= REQUIRED WORK =
Only one stretch of the records below should be repeated. It starts with the line containing "Aquarium Amazonas von Amazonas33 (5)" and goes on through the line containing "KOMPLITBunga Kering Rustic", exactly as written.
───── RAW DATA ─────
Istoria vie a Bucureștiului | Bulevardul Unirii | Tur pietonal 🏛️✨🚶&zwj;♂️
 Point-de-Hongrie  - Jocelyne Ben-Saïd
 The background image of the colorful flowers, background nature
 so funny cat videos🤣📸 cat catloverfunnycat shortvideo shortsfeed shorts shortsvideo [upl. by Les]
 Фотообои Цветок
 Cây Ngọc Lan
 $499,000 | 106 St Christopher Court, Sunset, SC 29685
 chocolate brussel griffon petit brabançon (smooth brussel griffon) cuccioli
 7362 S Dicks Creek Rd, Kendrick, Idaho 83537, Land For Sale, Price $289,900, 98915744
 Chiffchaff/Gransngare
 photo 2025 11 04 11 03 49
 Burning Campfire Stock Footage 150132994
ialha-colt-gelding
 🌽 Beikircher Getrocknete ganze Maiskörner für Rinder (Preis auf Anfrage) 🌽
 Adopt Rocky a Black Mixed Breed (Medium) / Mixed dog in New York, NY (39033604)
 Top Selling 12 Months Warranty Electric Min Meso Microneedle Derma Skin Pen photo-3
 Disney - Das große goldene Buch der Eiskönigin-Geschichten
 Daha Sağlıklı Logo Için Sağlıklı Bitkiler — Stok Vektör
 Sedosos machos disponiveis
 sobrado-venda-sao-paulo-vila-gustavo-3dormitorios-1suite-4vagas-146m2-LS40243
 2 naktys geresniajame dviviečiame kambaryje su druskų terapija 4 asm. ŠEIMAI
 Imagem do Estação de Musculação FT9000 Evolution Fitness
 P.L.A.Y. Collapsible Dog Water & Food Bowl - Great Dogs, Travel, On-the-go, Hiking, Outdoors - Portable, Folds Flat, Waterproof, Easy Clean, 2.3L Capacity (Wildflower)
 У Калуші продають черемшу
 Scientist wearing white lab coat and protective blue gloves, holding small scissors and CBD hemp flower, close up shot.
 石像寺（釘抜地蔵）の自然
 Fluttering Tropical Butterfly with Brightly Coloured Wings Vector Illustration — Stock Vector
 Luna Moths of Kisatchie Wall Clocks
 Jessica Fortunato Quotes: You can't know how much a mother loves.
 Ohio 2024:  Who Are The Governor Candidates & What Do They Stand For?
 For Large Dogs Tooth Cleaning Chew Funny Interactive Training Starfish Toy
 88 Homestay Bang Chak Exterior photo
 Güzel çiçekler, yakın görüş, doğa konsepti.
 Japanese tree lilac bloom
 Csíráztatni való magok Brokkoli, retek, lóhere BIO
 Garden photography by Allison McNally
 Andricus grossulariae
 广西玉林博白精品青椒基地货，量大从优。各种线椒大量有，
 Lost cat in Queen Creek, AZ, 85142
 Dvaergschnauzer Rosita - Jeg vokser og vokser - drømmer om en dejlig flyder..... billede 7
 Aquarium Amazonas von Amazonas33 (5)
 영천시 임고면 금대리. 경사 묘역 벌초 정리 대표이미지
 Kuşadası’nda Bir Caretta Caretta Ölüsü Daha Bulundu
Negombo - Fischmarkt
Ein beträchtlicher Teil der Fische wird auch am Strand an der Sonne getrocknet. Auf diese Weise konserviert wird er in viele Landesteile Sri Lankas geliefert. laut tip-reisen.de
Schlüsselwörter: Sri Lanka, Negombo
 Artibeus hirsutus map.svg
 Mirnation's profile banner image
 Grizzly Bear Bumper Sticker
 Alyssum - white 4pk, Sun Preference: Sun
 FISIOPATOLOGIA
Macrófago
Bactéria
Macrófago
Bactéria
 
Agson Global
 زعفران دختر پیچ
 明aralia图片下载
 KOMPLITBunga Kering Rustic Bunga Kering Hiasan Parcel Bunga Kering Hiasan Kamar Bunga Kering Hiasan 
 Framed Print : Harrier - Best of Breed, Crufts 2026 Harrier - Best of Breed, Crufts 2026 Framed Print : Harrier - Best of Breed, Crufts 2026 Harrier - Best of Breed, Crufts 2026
─────
= RESPONSE TO THIS EXERCISE =
 Aquarium Amazonas von Amazonas33 (5)
 영천시 임고면 금대리. 경사 묘역 벌초 정리 대표이미지
 Kuşadası’nda Bir Caretta Caretta Ölüsü Daha Bulundu
Negombo - Fischmarkt
Ein beträchtlicher Teil der Fische wird auch am Strand an der Sonne getrocknet. Auf diese Weise konserviert wird er in viele Landesteile Sri Lankas geliefert. laut tip-reisen.de
Schlüsselwörter: Sri Lanka, Negombo
 Artibeus hirsutus map.svg
 Mirnation's profile banner image
 Grizzly Bear Bumper Sticker
 Alyssum - white 4pk, Sun Preference: Sun
 FISIOPATOLOGIA
Macrófago
Bactéria
Macrófago
Bactéria
 
Agson Global
 زعفران دختر پیچ
 明aralia图片下载
 KOMPLITBunga Kering Rustic Bunga Kering Hiasan Parcel Bunga Kering Hiasan Kamar Bunga Kering Hiasan 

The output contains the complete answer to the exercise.